Einer der am stärksten überarbeiteten Absätze ist Nummer 60 über Frauen: Der Diakonat der Frau fehlte im Entwurf völlig, wird aber im endgültigen Text als eine Möglichkeit erwähnt, die „offen bleibt“. Es war dieser Absatz, der auf der Synode am meisten Widerstand hervorgerufen hatte, da 97 Mitglieder dagegen gestimmt hatten.
Bischöfe, die es versäumen, ihre „Offenheit“ in der Frage des Frauendiakonats konkret zu zeigen, werden des Widerstands gegen das Schlussdokument verdächtigt, das Teil der „authentischen Lehre des Bischofs von Rom“ ist.
Mit eiserner Hand im synodalen Handschuh
Am 4. November 2024 zog der Vatikanist Sandro Magister eine Bilanz der Synoden unter dem Pontifikat von Franziskus. Dieser Rückblick spricht für sich. Unter dem expliziten Titel: „Alles außer synodal“. Zur Kirche, die Papst Franziskus will, stellt er die letzte Synode auf erhellende Weise in den Kontext.
Sandro Magister schreibt: „Drei Jahre lang endlose Diskussionen, mit einem Schlussdokument als Sahnehäubchen, das nicht einmal endgültig ist. Das ist die von Papst Franziskus gewollte und erdachte Synode mit der Absicht, die Kirche als Kirche des Volkes, die allen Getauften gehört, neu zu gründen. Es ist schwer zu sagen, wie es weitergehen wird.“
Und weiter: „Papst Franziskus hat diese letzte Synode von allen ärgerlichen Fragen befreit und sie Kommissionen anvertraut, die sie bis zum nächsten Frühjahr diskutieren werden. Danach wird er selbst entscheiden, was zu tun ist“. Dabei fordert er, dass das Abschlussdokument bereits in den Diözesen umgesetzt wird, da dieses vom Papst gebilligte Dokument zum ordentlichen Lehramt gehört.
Wenn man sich ansieht, wie Franziskus von Anfang an – bei der ersten Synode über die Familie – vorgegangen ist, sind einige Vermutungen über die letzte Synode durchaus zulässig. Der italienische Journalist erinnert sich: „Bei der ersten Synode, die er in zwei Sitzungen 2014 und 2015 zum Thema Familie einberufen hatte, verfolgte Franziskus ein klares persönliches Ziel: die Liberalisierung der eucharistischen Kommunion für wiederverheiratete Geschiedene. Um dieses Ziel zu erreichen, hatte er im Februar 2014 ein Vorkonsistorium aller Kardinäle einberufen, war dort aber sofort auf so starken und niveauvollen Widerstand gestoßen, dass er während der Synode auf die Bremse trat und die Debatten transparent machte.

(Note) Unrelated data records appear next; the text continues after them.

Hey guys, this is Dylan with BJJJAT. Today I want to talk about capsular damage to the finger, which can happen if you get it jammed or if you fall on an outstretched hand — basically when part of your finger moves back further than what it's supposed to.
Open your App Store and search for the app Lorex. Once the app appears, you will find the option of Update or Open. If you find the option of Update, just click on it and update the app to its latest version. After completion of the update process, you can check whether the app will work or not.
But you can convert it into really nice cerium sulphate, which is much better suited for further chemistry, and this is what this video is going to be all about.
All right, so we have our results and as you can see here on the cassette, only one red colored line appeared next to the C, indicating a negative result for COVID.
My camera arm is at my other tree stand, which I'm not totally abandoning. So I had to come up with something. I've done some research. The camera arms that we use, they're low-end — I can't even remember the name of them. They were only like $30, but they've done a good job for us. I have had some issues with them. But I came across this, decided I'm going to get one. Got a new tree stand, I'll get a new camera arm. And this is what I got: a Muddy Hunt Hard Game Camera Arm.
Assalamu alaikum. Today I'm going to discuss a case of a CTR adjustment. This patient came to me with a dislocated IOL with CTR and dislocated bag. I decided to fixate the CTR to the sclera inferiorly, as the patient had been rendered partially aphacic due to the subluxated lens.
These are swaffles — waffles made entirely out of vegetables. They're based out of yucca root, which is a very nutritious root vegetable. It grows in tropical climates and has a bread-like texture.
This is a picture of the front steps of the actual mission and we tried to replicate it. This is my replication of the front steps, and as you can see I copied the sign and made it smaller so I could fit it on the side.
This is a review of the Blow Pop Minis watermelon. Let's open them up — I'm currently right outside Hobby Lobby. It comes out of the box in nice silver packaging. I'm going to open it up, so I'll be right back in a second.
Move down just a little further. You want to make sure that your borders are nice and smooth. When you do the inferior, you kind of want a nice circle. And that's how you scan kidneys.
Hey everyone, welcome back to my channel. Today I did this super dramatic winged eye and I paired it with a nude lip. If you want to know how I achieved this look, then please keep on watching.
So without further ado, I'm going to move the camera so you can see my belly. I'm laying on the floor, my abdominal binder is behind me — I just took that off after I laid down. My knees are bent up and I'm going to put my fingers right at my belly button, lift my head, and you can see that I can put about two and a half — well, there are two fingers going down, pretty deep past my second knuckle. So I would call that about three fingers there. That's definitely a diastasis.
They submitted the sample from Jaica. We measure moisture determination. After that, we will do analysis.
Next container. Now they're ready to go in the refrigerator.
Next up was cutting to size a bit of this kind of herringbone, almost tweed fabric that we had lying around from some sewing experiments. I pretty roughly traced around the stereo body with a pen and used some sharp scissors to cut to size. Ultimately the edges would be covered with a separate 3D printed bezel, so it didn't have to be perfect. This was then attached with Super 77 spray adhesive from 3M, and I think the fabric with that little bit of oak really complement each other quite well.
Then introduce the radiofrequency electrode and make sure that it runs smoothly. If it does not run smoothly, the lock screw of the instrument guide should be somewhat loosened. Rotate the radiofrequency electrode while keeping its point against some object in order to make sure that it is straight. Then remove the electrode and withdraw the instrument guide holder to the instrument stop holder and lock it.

Tatsächlich hatte er die Geheimhaltung der Redebeiträge in der Sitzung durchgesetzt und sich darauf beschränkt, eine einfache generische Liste der angesprochenen Themen veröffentlichen zu lassen, ohne die Namen der jeweiligen Redner zu nennen. Die Information über die Lebendigkeit der Kontroverse für oder gegen die Kommunion für geschiedene Wiederverheiratete war jedoch nach außen gedrungen.“
Magister stellt fest: „Dies veranlasste den Papst, die Frage im nachsynodalen Schreiben Amoris lætitia [19. März 2016] zweideutig zu lösen, verloren in einigen Fußnoten, die einige Episkopate als Erlaubnis zur Kommunionspendung interpretierten, während andere dagegen blieben, bevor er in einem eigenhändigen Brief an den argentinischen Episkopat – ein Brief, der später in den Rang eines Lehramts erhoben wurde – schrieb, dass die erste Interpretation sehr wohl die richtige gewesen sei.“
Für die letzte Synode präsentiert Sandro Magister seinen Gegenstand – die Synodalität – als „eine These, die Franziskus angesichts der Fragen durchzusetzen vermochte, die im Anschluss an den deutschen Synodenweg im Vordergrund standen: von Homosexualität über das Frauenpriestertum bis hin zum Ende des Zölibats des Klerus und der Demokratisierung der Kirchenleitung.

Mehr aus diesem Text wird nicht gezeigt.